Tripathy Shreejoy J, Toker Lilah, Li Brenna, Crichlow Cindy-Lee, Tebaykin Dmitry, Mancarci B Ogan, Pavlidis Paul
Michael Smith Laboratories and Department of Psychiatry, University of British Columbia, Vancouver, BC, Canada.
PLoS Comput Biol. 2017 Oct 25;13(10):e1005814. doi: 10.1371/journal.pcbi.1005814. eCollection 2017 Oct.
How neuronal diversity emerges from complex patterns of gene expression remains poorly understood. Here we present an approach to understand electrophysiological diversity through gene expression by integrating pooled- and single-cell transcriptomics with intracellular electrophysiology. Using neuroinformatics methods, we compiled a brain-wide dataset of 34 neuron types with paired gene expression and intrinsic electrophysiological features from publically accessible sources, the largest such collection to date. We identified 420 genes whose expression levels significantly correlated with variability in one or more of 11 physiological parameters. We next trained statistical models to infer cellular features from multivariate gene expression patterns. Such models were predictive of gene-electrophysiological relationships in an independent collection of 12 visual cortex cell types from the Allen Institute, suggesting that these correlations might reflect general principles relating expression patterns to phenotypic diversity across very different cell types. Many associations reported here have the potential to provide new insights into how neurons generate functional diversity, and correlations of ion channel genes like Gabrd and Scn1a (Nav1.1) with resting potential and spiking frequency are consistent with known causal mechanisms. Our work highlights the promise and inherent challenges in using cell type-specific transcriptomics to understand the mechanistic origins of neuronal diversity.

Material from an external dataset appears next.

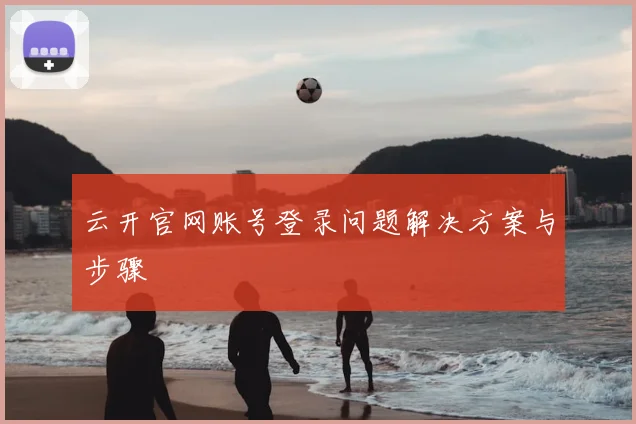 云开官网账号登录问题解决方案与步骤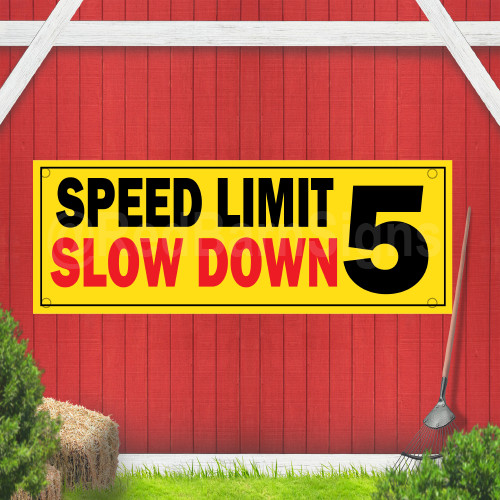 Speed Limit 5 Slow Down Indoor Outdoor Vinyl Banner Design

神经元多样性如何从复杂的基因表达模式中产生,目前仍知之甚少。在此,我们提出一种方法,通过将汇集式和单细胞转录组学与细胞内电生理学相结合,从基因表达的角度来理解电生理多样性。利用神经信息学方法,我们从公开可用的资源中汇编了一个涵盖全脑的数据集,其中包含34种神经元类型及其配对的基因表达和内在电生理特征,这是迄今为止最大的此类数据集。我们鉴定出420个基因,其表达水平与11个生理参数中的一个或多个参数的变异性显著相关。接下来,我们训练统计模型,以便从多变量基因表达模式中推断细胞特征。这些模型能够预测来自艾伦脑科学研究所的12种视觉皮层细胞类型的独立数据集中的基因 - 电生理关系,这表明这些相关性可能反映了跨越非常不同细胞类型的表达模式与表型多样性之间的一般原则。本文报道的许多关联有可能为神经元如何产生功能多样性提供新的见解,并且离子通道基因如Gabrd和Scn1a(Nav1.1)与静息电位和放电频率的相关性与已知的因果机制一致。我们的工作凸显了利用细胞类型特异性转录组学来理解神经元多样性的机制起源所具有的前景和内在挑战。